The picture of an actor-playwright, on the road for months at a time, adding two or three plays a year to keep his company’s repertoire fresh, devising characters to match his fellows’ strengths, from the versatile leading man Richard Burbage through the clowns Will Kempe and Robert Armin to the “thin man” John Sincler, taking into account too the characteristics of the available playhouses and even the seasons of the year, nurturing talented apprentices for whom he created memorable female roles - all this has an intuitive truth to life that portrayals of a bookish literary figure lack. One can understand why Shakespeare stood apart from writers’ feuds in London and felt no compulsion to follow up his early, highly praised narrative poems. His paramount concern was the success of his company, on whose fortunes his own depended and whose leading members were remembered in his will.
Mr. Southworth does not accept the notion, first popularized in Rowe’s unreliable Life, that Shakespeare returned to Stratford about 1610 to spend his last years “as all men of good sense will wish theirs may be, in Ease, Retirement, and the Conversation of his Friends”. Rather, he envisions a seasoned trouper staying in harness to the end, buying a second home near the Blackfriar’s Theatre as late as 1613, and being carried off by unexpected illness at the age of 52. The evidence here is mixed. Except for collaborations on Henry VIII and The Two Noble Kinsmen, the flow of Shakespearean plays comes to a halt with The Tempest (c. 1610). The cessation of Shakespeare’s activity as an author can reasonably be seen a signaling a shift in his relationship to the King’s Men, but Mr. Southworth does not try to determine what that change might have been. He does, however, furnish some leads.
It is an interesting coincidence that Shakespeare reduced his writing at almost precisely the same time as the plague abated in London and made it feasible to put on full seasons in the metropolis. Having both an outdoor venue at the Globe and an indoor one at Blackfriar’s, the King’s Men were especially well placed for year-round performances. They did not cease to tour but perhaps - the records are too fragmentary to tell - did so only to a limited extent, to keep up contacts that might be useful should the hard times ever return.

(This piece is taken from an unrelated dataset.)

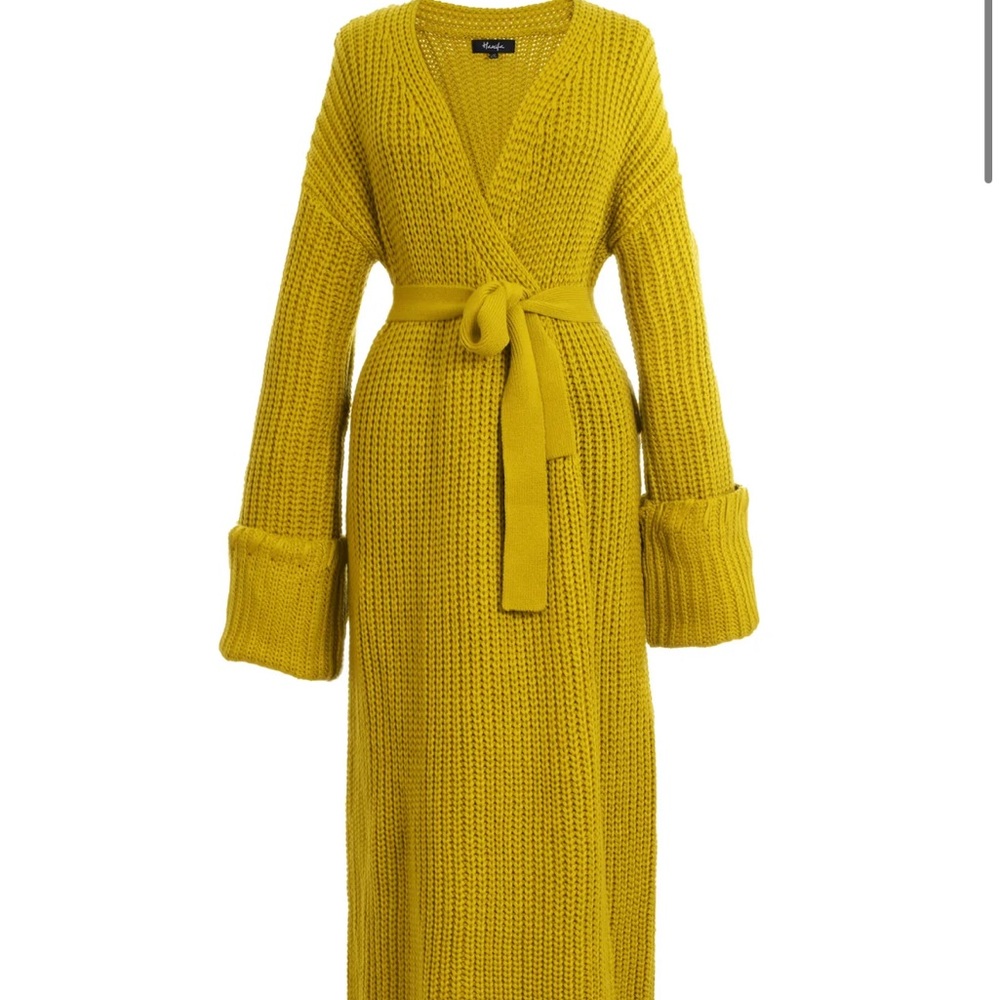 Hanifa Miya Cardigan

After nearly a decade of scrabbling for a living, the new circumstances meant both prosperity and a relaxation of stress. A natural step would have been to take on new hired men to relieve the burdens that the sharers had so long endured, including a new “ordinary poet” to give Shakespeare a rest from auctorial duties. John Fletcher did indeed join the company at that time and replaced Shakespeare as its principal dramatist. It seems strange to us that anyone would prefer Fletcher to Shakespeare, but contemporaries did not see so large a gulf between the two, and 15 or 20 Shakespearean plays had yet to be seen often in London; there was no pressing need for more.
Certainty about Shakespeare will always elude us, and any biography inevitably seems inadequate to his dramatic genius. All that we can hope for is a portrait that does no violence to the facts. Shakespeare the Player is a worthy advance in that direction.